## [Task brief]
Print out every entry that follows, exactly as written.

Stored entries:

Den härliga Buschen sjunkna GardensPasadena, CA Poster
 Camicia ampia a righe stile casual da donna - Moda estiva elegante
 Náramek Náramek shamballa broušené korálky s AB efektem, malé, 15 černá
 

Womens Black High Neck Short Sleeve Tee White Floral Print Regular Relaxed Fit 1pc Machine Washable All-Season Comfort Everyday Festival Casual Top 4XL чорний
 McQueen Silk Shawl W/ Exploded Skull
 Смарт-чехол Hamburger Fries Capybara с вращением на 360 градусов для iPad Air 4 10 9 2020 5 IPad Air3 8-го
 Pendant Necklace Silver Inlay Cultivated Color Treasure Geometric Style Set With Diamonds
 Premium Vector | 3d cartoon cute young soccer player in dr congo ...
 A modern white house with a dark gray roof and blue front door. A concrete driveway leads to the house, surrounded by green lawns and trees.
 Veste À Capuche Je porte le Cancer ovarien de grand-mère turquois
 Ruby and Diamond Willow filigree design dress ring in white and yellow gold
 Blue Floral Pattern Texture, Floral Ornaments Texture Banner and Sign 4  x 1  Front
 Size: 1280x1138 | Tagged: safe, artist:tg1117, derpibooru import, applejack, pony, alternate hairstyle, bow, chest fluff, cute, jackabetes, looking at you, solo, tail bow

## [Task response]
Den härliga Buschen sjunkna GardensPasadena, CA Poster
 Camicia ampia a righe stile casual da donna - Moda estiva elegante
 Náramek Náramek shamballa broušené korálky s AB efektem, malé, 15 černá
 

Womens Black High Neck Short Sleeve Tee White Floral Print Regular Relaxed Fit 1pc Machine Washable All-Season Comfort Everyday Festival Casual Top 4XL чорний
 McQueen Silk Shawl W/ Exploded Skull
 Смарт-чехол Hamburger Fries Capybara с вращением на 360 градусов для iPad Air 4 10 9 2020 5 IPad Air3 8-го
 Pendant Necklace Silver Inlay Cultivated Color Treasure Geometric Style Set With Diamonds
 Premium Vector | 3d cartoon cute young soccer player in dr congo ...
 A modern white house with a dark gray roof and blue front door. A concrete driveway leads to the house, surrounded by green lawns and trees.
 Veste À Capuche Je porte le Cancer ovarien de grand-mère turquois
 Ruby and Diamond Willow filigree design dress ring in white and yellow gold
 Blue Floral Pattern Texture, Floral Ornaments Texture Banner and Sign 4  x 1  Front
 Size: 1280x1138 | Tagged: safe, artist:tg1117, derpibooru import, applejack, pony, alternate hairstyle, bow, chest fluff, cute, jackabetes, looking at you, solo, tail bow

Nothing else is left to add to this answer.